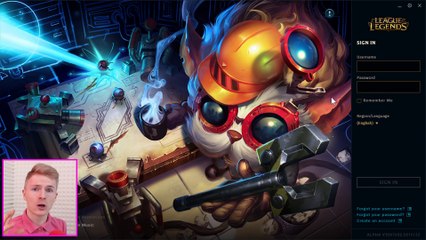 (ALPHA) NEW LEAGUE OF LEGENDS CLIENT (2)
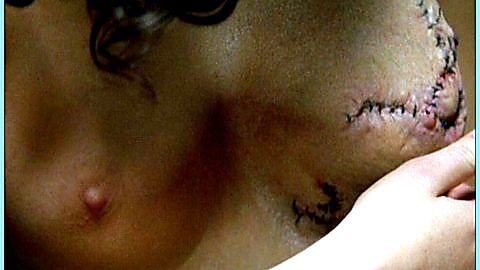 Pic: Borislava Kostadinova in Occhi di cristallo (2004)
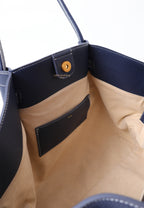 Hana Large Tote Bag - Navy
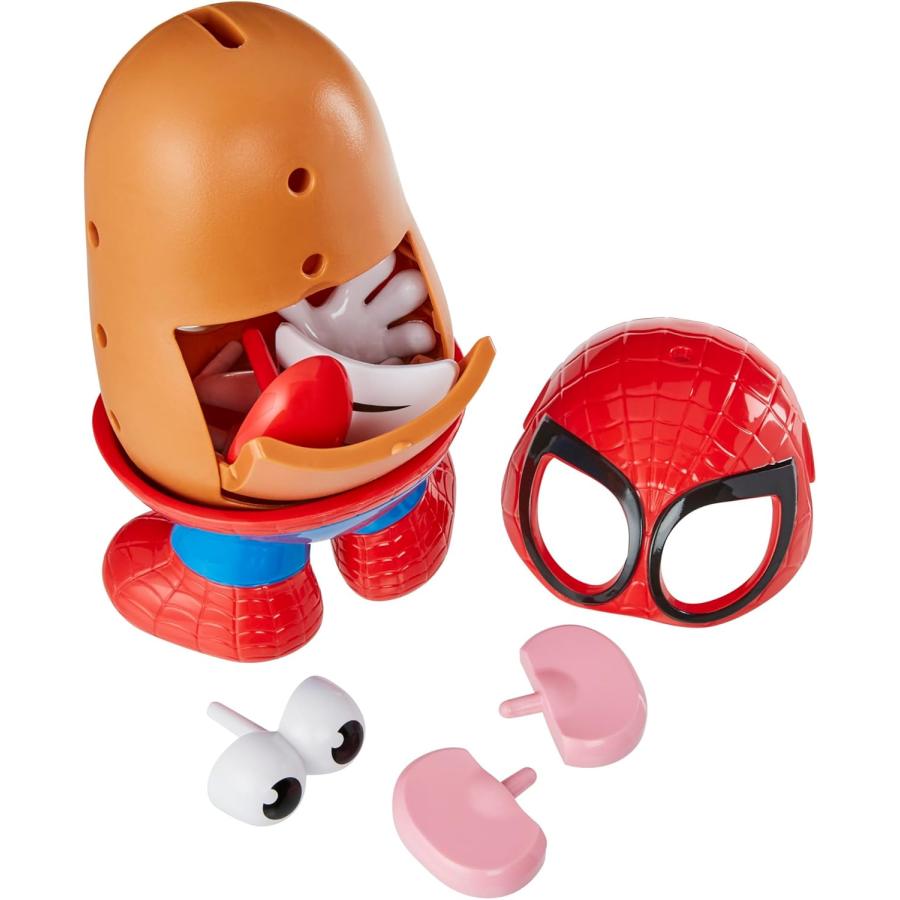 Mr. Potato Head Marvel Spider-Spud, Spider-Man Toys for 3 Mr. Potato Head Marvel Spider-Spud, Spider-Man Toys for 3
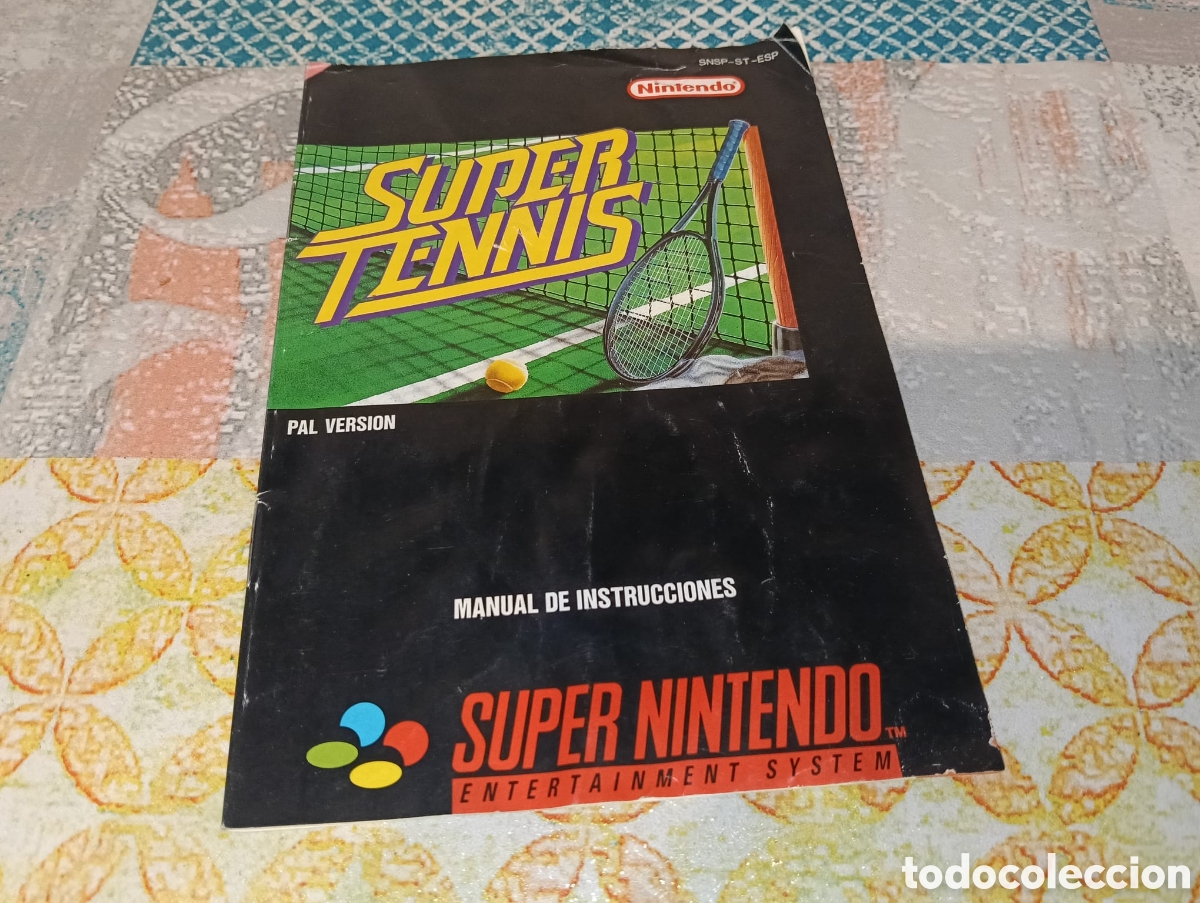 Videojuegos y Consolas: super nintendo instrucciones juego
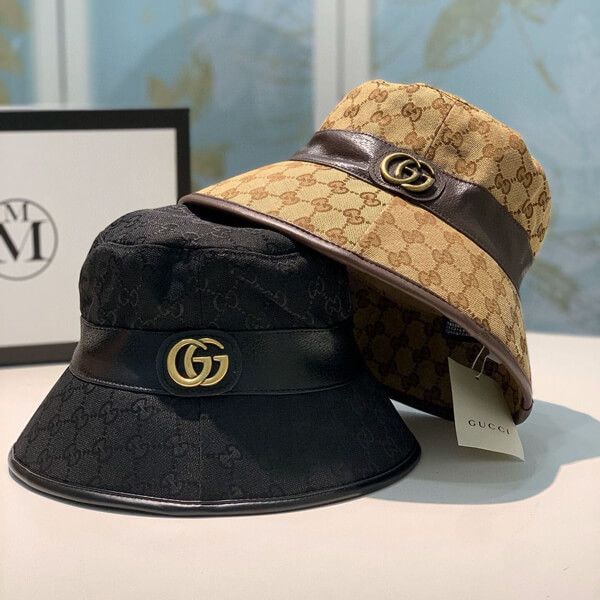 グッチ キャップ 偽物 グッチ GGキャンバス フェドラ バゲットハット 576587 4HG53 1060 グッチ キャップ 偽物 グッチ GGキャンバス フェドラ バゲットハット 576587 4HG53 1060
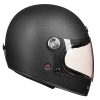 mũ bảo hiểm và Nón bảo hiểm fullface Barock sợi carbon cao cấp B510 (đen mờ) 1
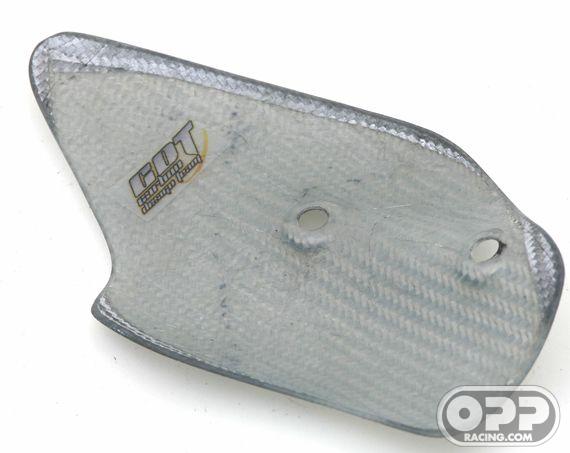 Titanium Silver - Exhaust Mid-Pipe Heat Shield - MV Agusta F4 750-1000 image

*What is expected:* An exact copy of the lines above, from the first through the line that holds "Videojuegos y Consolas: super", is what is needed; leave the pictures out.

*Exercise answer:*
 (ALPHA) NEW LEAGUE OF LEGENDS CLIENT (2)
 Pic: Borislava Kostadinova in Occhi di cristallo (2004)
 Hana Large Tote Bag - Navy
 Mr. Potato Head Marvel Spider-Spud, Spider-Man Toys for 3 Mr. Potato Head Marvel Spider-Spud, Spider-Man Toys for 3
 Videojuegos y Consolas: super nintendo instrucciones juego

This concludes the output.